#### [Data for this task]
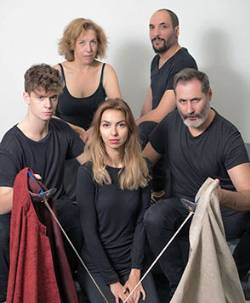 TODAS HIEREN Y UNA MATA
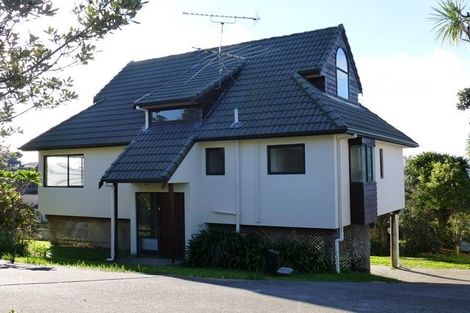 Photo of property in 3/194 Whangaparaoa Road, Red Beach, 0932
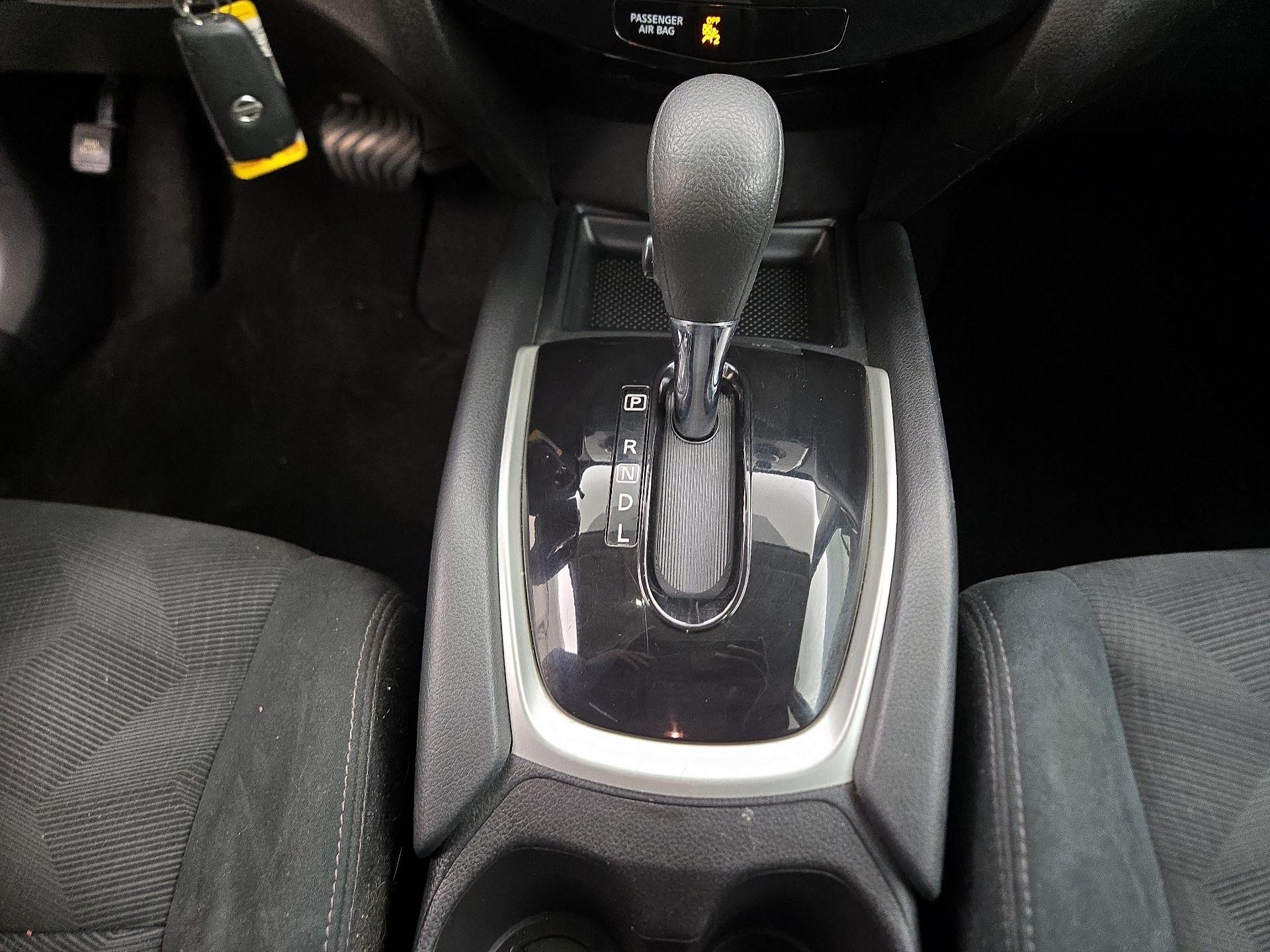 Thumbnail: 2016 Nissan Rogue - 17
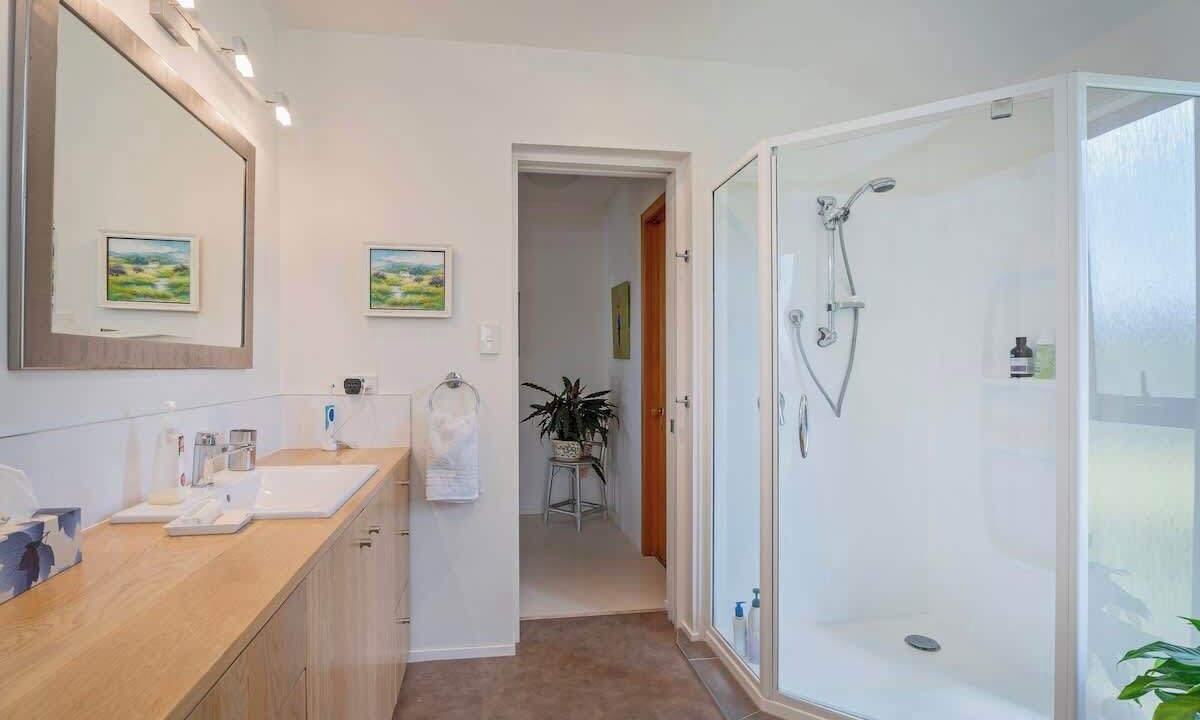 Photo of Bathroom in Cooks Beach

--

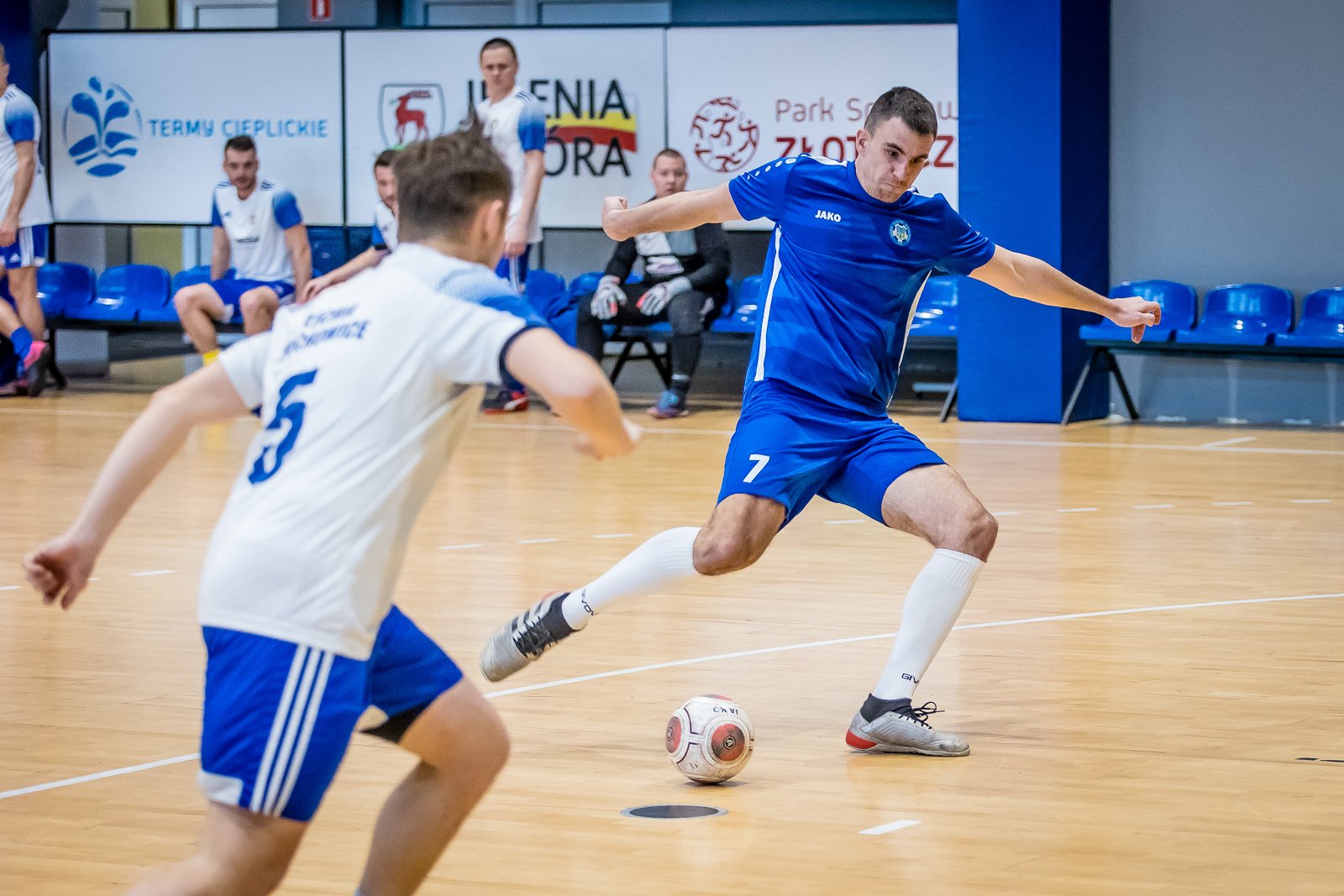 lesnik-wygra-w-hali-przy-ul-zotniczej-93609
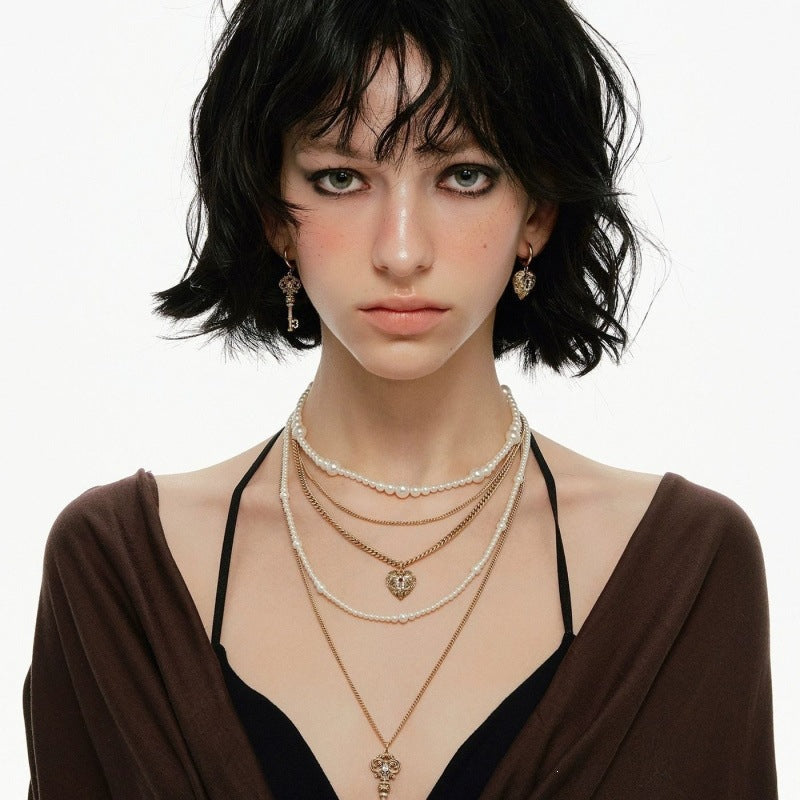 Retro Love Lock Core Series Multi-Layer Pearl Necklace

#### [Exercise description]
From the line holding "TODAS HIEREN Y UNA MATA" to the line holding "Photo of Bathroom in Cooks Beach", both included, retype the entries above exactly and drop the pictures.

#### [Answer to the problem]
 TODAS HIEREN Y UNA MATA
 Photo of property in 3/194 Whangaparaoa Road, Red Beach, 0932
 Thumbnail: 2016 Nissan Rogue - 17
 Photo of Bathroom in Cooks Beach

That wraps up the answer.